> [ACTION ITEM]:
For this exercise, repeat the whole listing below exactly. Leave the pictures out.

> [THE DATA]:
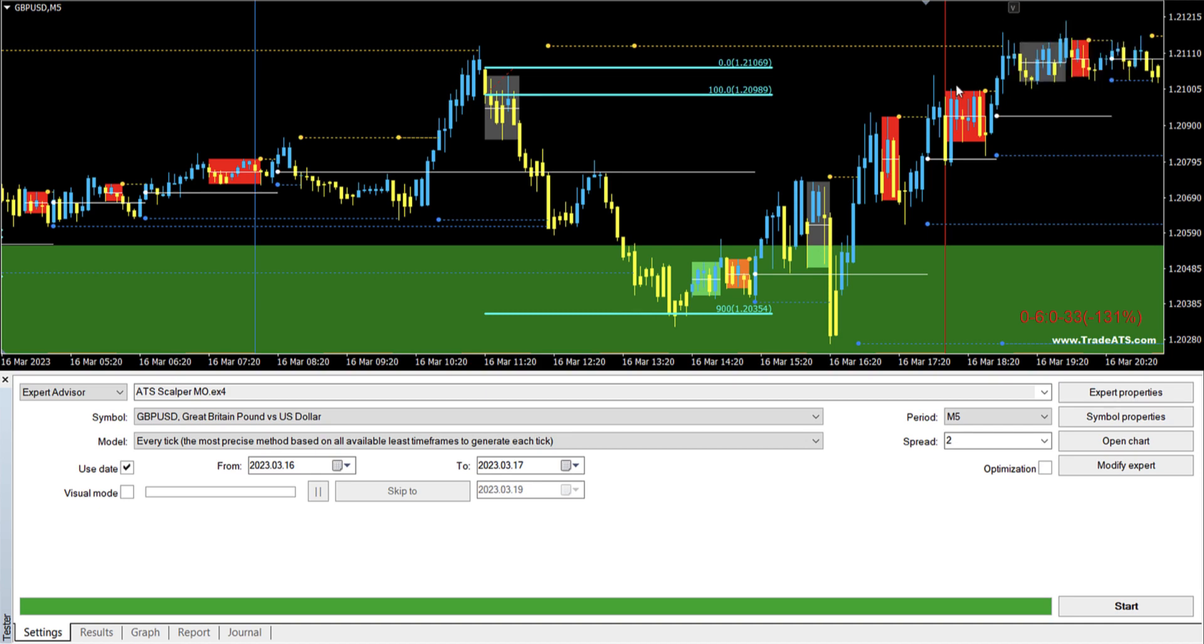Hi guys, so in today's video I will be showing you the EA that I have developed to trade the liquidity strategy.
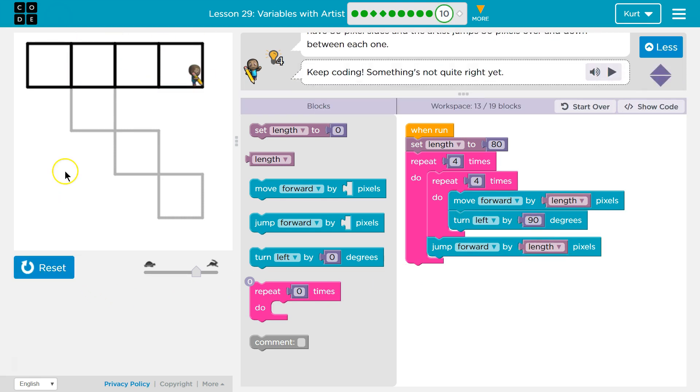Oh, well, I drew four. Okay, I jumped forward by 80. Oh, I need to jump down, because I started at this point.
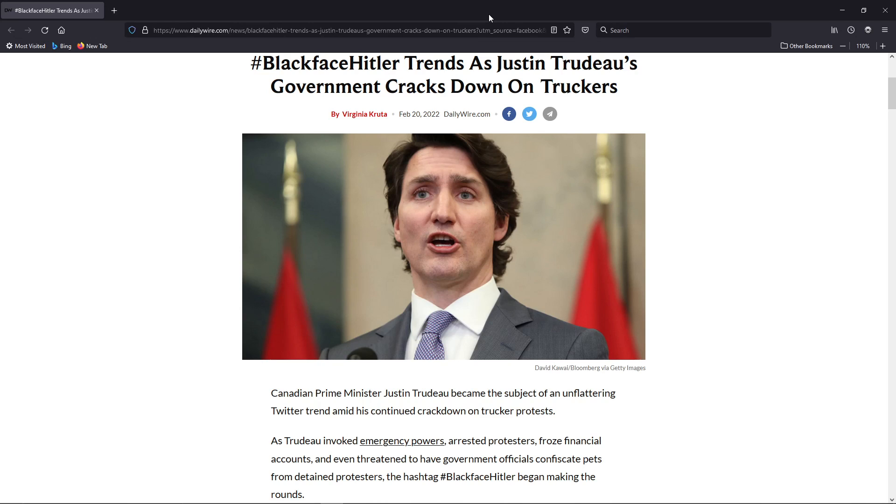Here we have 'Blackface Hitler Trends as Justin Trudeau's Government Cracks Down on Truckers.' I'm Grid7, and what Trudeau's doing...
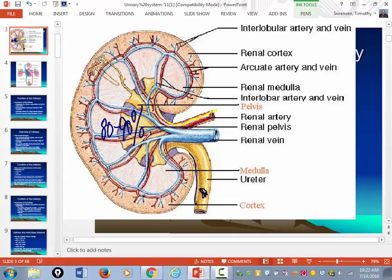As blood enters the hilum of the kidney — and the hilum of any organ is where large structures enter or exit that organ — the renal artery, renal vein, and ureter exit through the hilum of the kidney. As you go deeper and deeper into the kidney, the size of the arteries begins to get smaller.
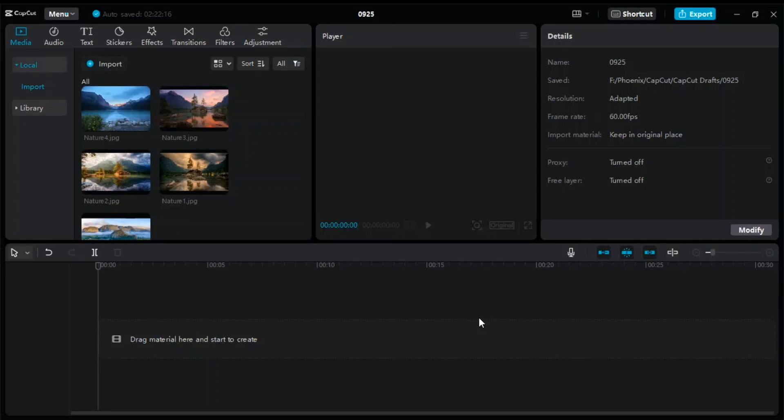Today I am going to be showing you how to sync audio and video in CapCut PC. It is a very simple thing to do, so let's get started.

> [EXERCISE SOLUTION]:
Hi guys, so in today's video I will be showing you the EA that I have developed to trade the liquidity strategy.
Oh, well, I drew four. Okay, I jumped forward by 80. Oh, I need to jump down, because I started at this point.
Here we have 'Blackface Hitler Trends as Justin Trudeau's Government Cracks Down on Truckers.' I'm Grid7, and what Trudeau's doing...
As blood enters the hilum of the kidney — and the hilum of any organ is where large structures enter or exit that organ — the renal artery, renal vein, and ureter exit through the hilum of the kidney. As you go deeper and deeper into the kidney, the size of the arteries begins to get smaller.
Today I am going to be showing you how to sync audio and video in CapCut PC. It is a very simple thing to do, so let's get started.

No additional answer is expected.